Data Set Link: https://archive.ics.uci.edu/ml/datasets/SMS+Spam+Collection
Machine Learning
Machine Learning (or ML) is an area of Artificial Intelligence (AI) that is a set of statistical techniques for problem solving.These techniques can be applied to a wide variety of problems which are not limited to - vision based research, fraud detection, price prediction, and even NLP.
Natural Language Processing
Natural Language Processing (or NLP) is an area that is a confluence of Artificial Intelligence and Linguistics.NLP has many tasks such as Text Generation, Text Classification, Machine Translation, Speech Recognition, Sentiment Analysis, etc.
Data Learning
Deep Learning (which includes Recurrent Neural Networks, Convolution Neural Networks and others) is a type of Machine Learning approach. It is an extension of Neural Networks.It can also be used for vision based classification and can be used in NLP.
Flow Chart of everthing ML
Naive Bayes Classifier
Bayes Theorem P(A|B)- how often A happens given that B happens= P(B|A)P(A)/P(B) P(B|A)- how often B happens given that A happens
Naive Bayes classifier calculates the probabilities for every factor.This classifier assumes the features (in this case we had words as input) are independent. Hence the word naive.
Sklearn Naive Bayes provides three alternatives for model training:
- Gaussian- it assumes that features follow a normal distribution
- Multinomial- used for discrete counts (eg: number of times outcome number x_i is observed over the n trials)
- Bernoulli- useful if your feature vectors are binary (i.e. zeros and ones), text classification with ‘bag of words’ model where 1s are word that occur in the document & 0s are words that do not.
Support Vector Machines(Classifier)
Separation of classes
Given a labelled training data, the algorithm outputs an optimal hyperplane which categorises new examples.
Tuning Parameters in SVM Classifier
( by varying these parameters we can achieve considerable non linear classification line with more accuracy in reasonable amount of time )

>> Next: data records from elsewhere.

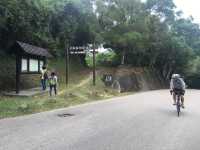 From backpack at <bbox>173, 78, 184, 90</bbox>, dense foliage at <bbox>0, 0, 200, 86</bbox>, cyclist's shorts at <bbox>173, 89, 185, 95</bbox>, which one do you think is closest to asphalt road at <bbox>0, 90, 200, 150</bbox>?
cyclist's shorts at <bbox>173, 89, 185, 95</bbox>

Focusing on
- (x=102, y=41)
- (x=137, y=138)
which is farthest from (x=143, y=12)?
(x=137, y=138)

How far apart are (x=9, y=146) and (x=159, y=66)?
41.4m

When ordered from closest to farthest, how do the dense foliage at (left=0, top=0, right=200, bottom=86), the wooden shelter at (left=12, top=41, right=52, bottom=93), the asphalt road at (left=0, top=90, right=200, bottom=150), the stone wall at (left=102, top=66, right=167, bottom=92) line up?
the asphalt road at (left=0, top=90, right=200, bottom=150), the wooden shelter at (left=12, top=41, right=52, bottom=93), the dense foliage at (left=0, top=0, right=200, bottom=86), the stone wall at (left=102, top=66, right=167, bottom=92)

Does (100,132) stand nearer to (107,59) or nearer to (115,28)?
(115,28)

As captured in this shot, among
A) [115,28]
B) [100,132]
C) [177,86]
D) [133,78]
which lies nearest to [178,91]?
[177,86]

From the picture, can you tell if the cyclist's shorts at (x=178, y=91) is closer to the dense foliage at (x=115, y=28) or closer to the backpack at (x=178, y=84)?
the backpack at (x=178, y=84)

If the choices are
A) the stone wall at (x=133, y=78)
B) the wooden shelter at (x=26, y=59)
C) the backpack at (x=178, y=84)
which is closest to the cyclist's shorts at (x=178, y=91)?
the backpack at (x=178, y=84)

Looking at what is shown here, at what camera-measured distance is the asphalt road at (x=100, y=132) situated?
7.45 metres

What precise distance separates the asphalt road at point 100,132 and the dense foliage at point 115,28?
31.7 feet

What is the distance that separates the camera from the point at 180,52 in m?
43.1

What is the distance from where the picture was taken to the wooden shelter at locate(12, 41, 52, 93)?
17016mm

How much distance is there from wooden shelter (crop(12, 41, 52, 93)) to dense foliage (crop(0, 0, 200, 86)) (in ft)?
7.60

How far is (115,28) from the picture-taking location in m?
34.9

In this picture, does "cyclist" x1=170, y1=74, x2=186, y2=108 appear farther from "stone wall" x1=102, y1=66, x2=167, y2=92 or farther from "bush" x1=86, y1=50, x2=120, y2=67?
"bush" x1=86, y1=50, x2=120, y2=67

- Regularization Parameters
The Regularization parameter (C parameter in python’s sklearn library) tells the SVM optimization how much you want to avoid misclassifying each training example
- Gamma
The gamma parameter defines how far the influence of a single training example
- low gamma-points far away from plausible seperation line are considered in calculation for the seperation line
- high gamma-the points close to plausible line are considered in calculation.
- Margin
SVM to core tries to achieve a good margin.
A margin is a separation of line to the closest class points.
1.Good Margin 2. Bad Margin
-
Kernel
The learning of the hyperplane in linear SVM is done by transforming the problem using some linear algebra.
For linear kernel the equation for prediction for a new input using the dot product between the input (x) and each support vector (xi) is calculated as follows:
f(x) = B(0) + sum(ai * (x,xi))
Other kernels can be used that transform the input space into higher dimensions such as a Polynomial Kernel and a Radial Kernel. This is called the Kernel Trick.
- Polynomial Kernel
K(x,xi) = 1 + sum(x * xi)^d
(the degree d must be specified by learning algorithm)
- Radial Kernel
K(x,xi) = exp(-gamma * sum((x – xi^2))
(gamma must be specified, a good value of gamma=0.1, must be between 0 and 1)
SVC takes more training time than the Naive Bayes but the prediction is faster. However, it totally depends on scenario and data set which one performs best.